Entre os escritores, o sucesso na carreira literária é difícil de se obter, é verdade, mas está ao nosso alcance, dentro das nossas possibilidades, dependendo das circunstâncias. Podemos, num inexplicável e generoso lampejo de genialidade, escrever um livro que beire a perfeição. Que tenha, simultaneamente, conteúdo, exatidão e que tenha o condão de despertar empatia no leitor. Se bem acolhido por alguma editora de prestígio, se bem editado, revisado, distribuído (e a distribuição é fundamental) e divulgado, pode, perfeitamente, se tornar um best-seller. Reúne, pelo menos, todas as condições para isso. Se será, ou não, são outros quinhentos. Mas tem possibilidades concretas de esgotar edição após edição. Cumpridas todas as etapas que citei, não será nenhuma surpresa esse escritor se tornar famoso. Surgirão exageros em torno da sua figura, claro, quer para o bem, quer (principalmente) para o mal. Sua biografia será distorcida, desvirtuada e exagerada a tal ponto dele não se reconhecer no perfil que for traçado.
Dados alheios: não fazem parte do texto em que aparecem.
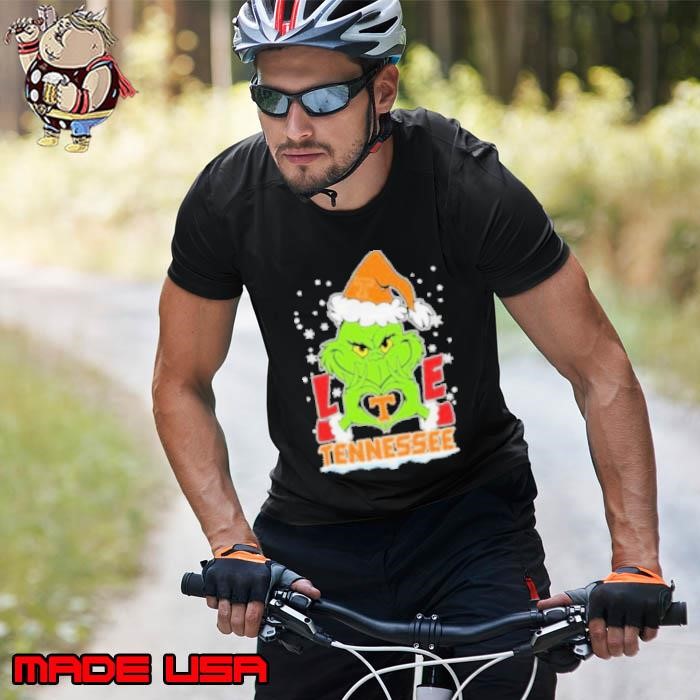 Grinch Hand Love Tennessee Volunteers Christmas Unisex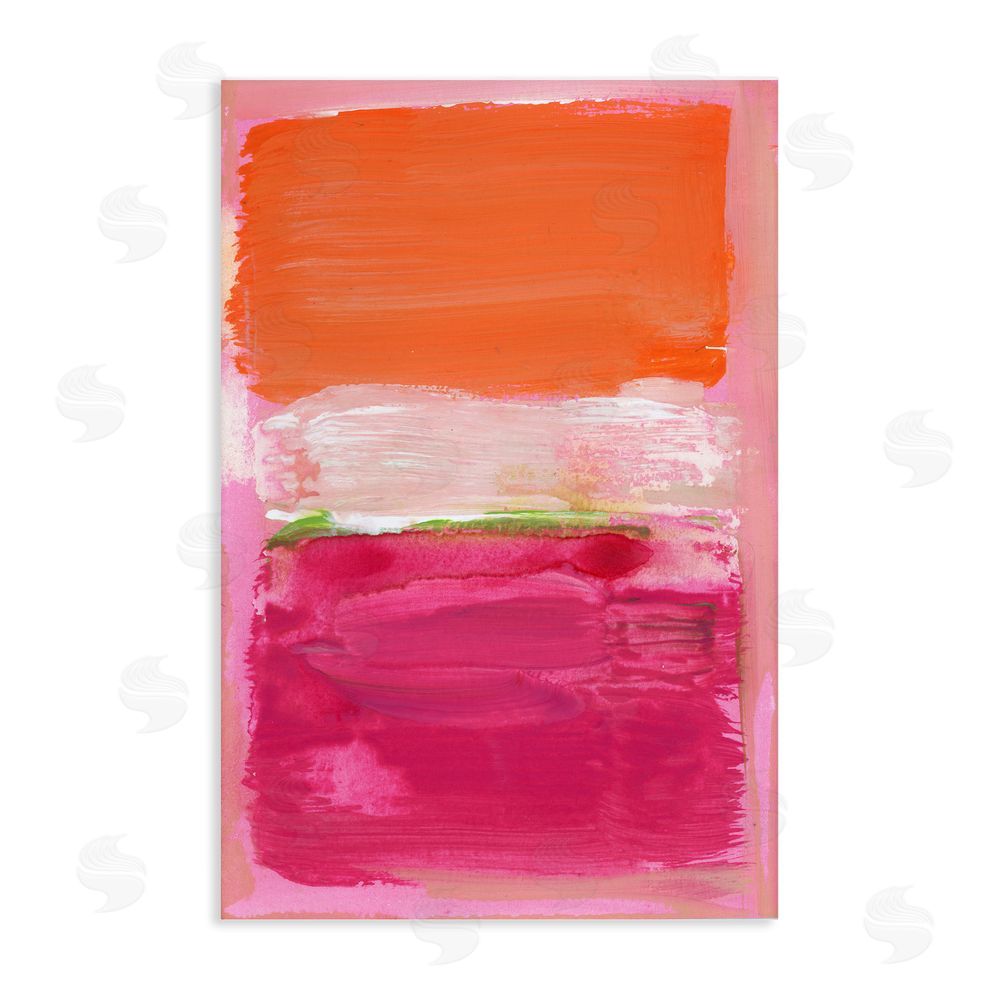 Stacy Milrany Magenta Beneath Tangerine Orange Stretched Canvas Wall Art Print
Todavia, o público, e mais do que ele, a editora e a crítica, esperarão desse escritor outra, e mais outra e mais outra obra ainda mais genial do que a primeira, que o tornou campeão de vendas e famoso. Aí está a armadilha. Até porque, o julgamento da qualidade de um livro (e me refiro apenas aos bons) é sumamente subjetiva. Por mais adjetivos que os críticos utilizem para exaltar ou para depreciar algum texto, essa será apenas “sua opinião”. Não quer dizer que tenham razão, tanto num, quanto no outro caso. De repente, o sucesso anterior pode se transformar, num piscar de olhos, num fracasso exponencial, elevado à enésima potência. Os louvores tendem a se transformar em chacotas. E a euforia, fatalmente, acaba virando depressão.
Já o reconhecimento ocorre (quando acontece, é evidente) levando em conta não apenas um livro ou dois, mas o conjunto da obra de um escritor. Por isso, vem quase sempre depois da sua morte. E pode nem acontecer nos meses ou até nos anos subseqüentes ao falecimento. Às vezes ocorre um ou dois séculos depois. Não vou citar nenhum caso específico, até para deixar a você, caro leitor, esse exercício de memória (ou de pesquisa, como queira). Tente lembrar casos em que escritores, tidos e havidos como “fracassados” por seus contemporâneos, foram reconhecidos como talentosos e geniais algumas gerações depois.
É difícil (se não impossível) definir as diretrizes para uma boa literatura, aquela com tendência a durar, a inscrever o nome do autor no mármore do reconhecimento e não na areia da praia do ocasional sucesso. Ele deve ser otimista e deixar sempre implícito que no final das contas tudo vai dar certo? Deve explorar a grandeza e a capacidade de solução dos problemas da mente humana? Ou é conveniente e oportuno fazer da sua pena um irado instrumento de denúncia das taras, sacanagens e injustiças humanas? O que você acha?
Da minha parte, prefiro, nesta questão, ficar em cima do muro. Mas se omito minha opinião, pelo menos trago-lhes a de alguém muito mais habilitado e qualificado do que eu: a do escritor albanês, Ismail Kadaré, que foi diversas vezes candidato ao Prêmio Nobel de Literatura, embora sem nunca ter ganhado. Em entrevista publicada pelo jornal “Folha de S. Paulo”, ele opinou: “Acho que a grande literatura é aquela que consegue misturar de maneira natural os eventos épicos com o lado grotesco e trágico da vida”. Convenhamos, fazer essa mistura, e ainda mais com naturalidade, com graça e espontaneidade, é desafio digno de um titã. Se dá certo ou não, não faço a menor idéia. Só sei que não nos custa tentarmos adotar essa fórmula.